╭─ Input data
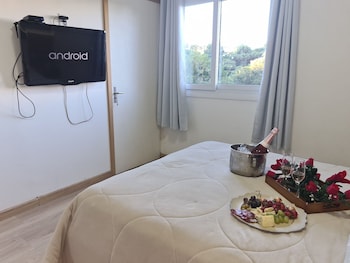 duplex 02 suites cond fechado 08 p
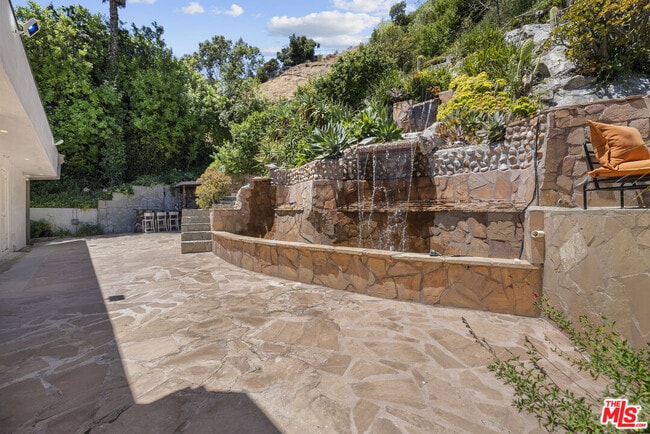 Building Photo - 3453 Green Vista Dr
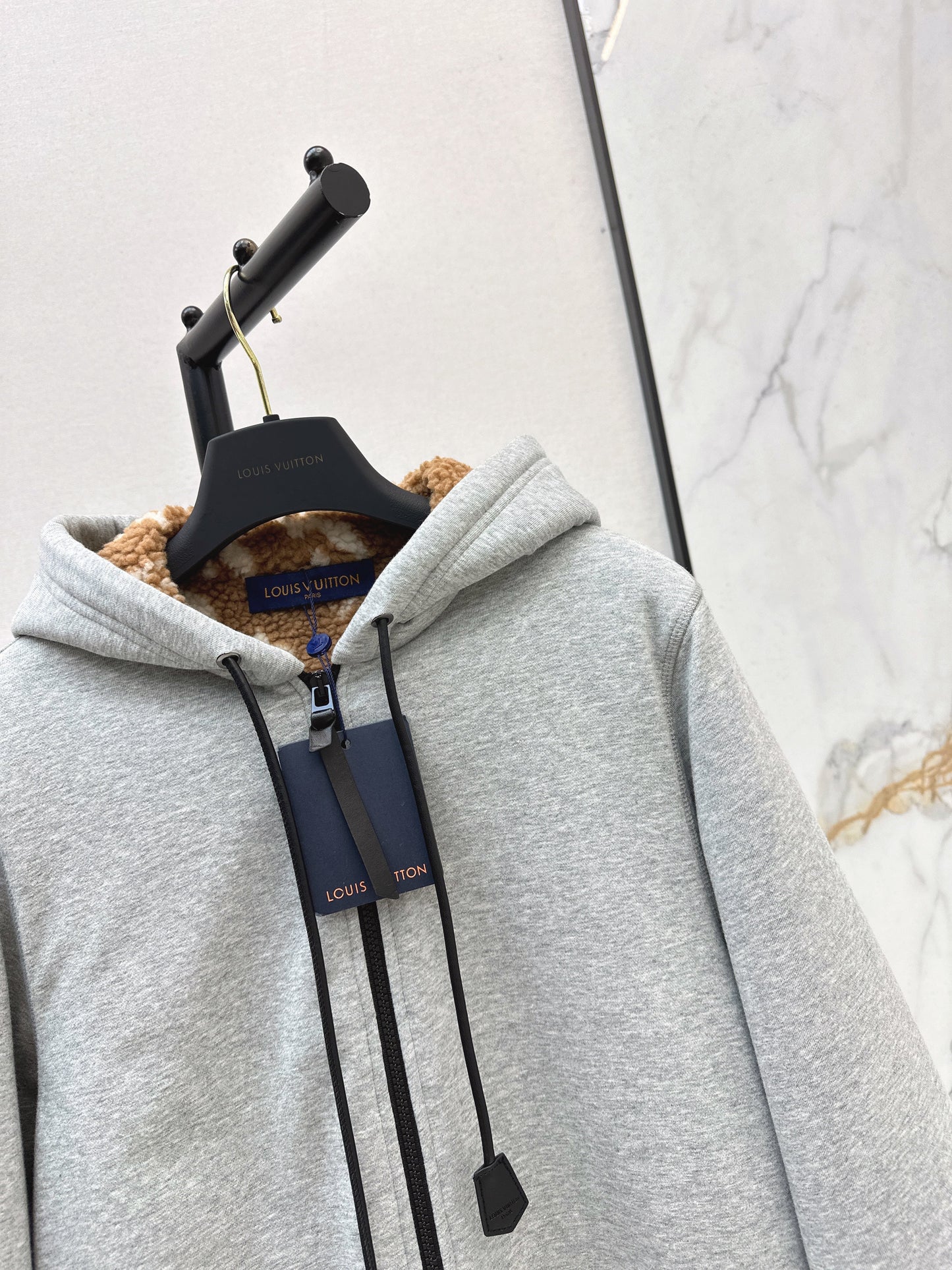 Louis NEWcasual hooded jacket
╰─
What the task requires: Which lines fall between the one containing "Building Photo - 3453 Green Vista Dr" and the last line of the listing, both included? Give them again exactly, without the pictures.

The answer:
 Building Photo - 3453 Green Vista Dr
 Louis NEWcasual hooded jacket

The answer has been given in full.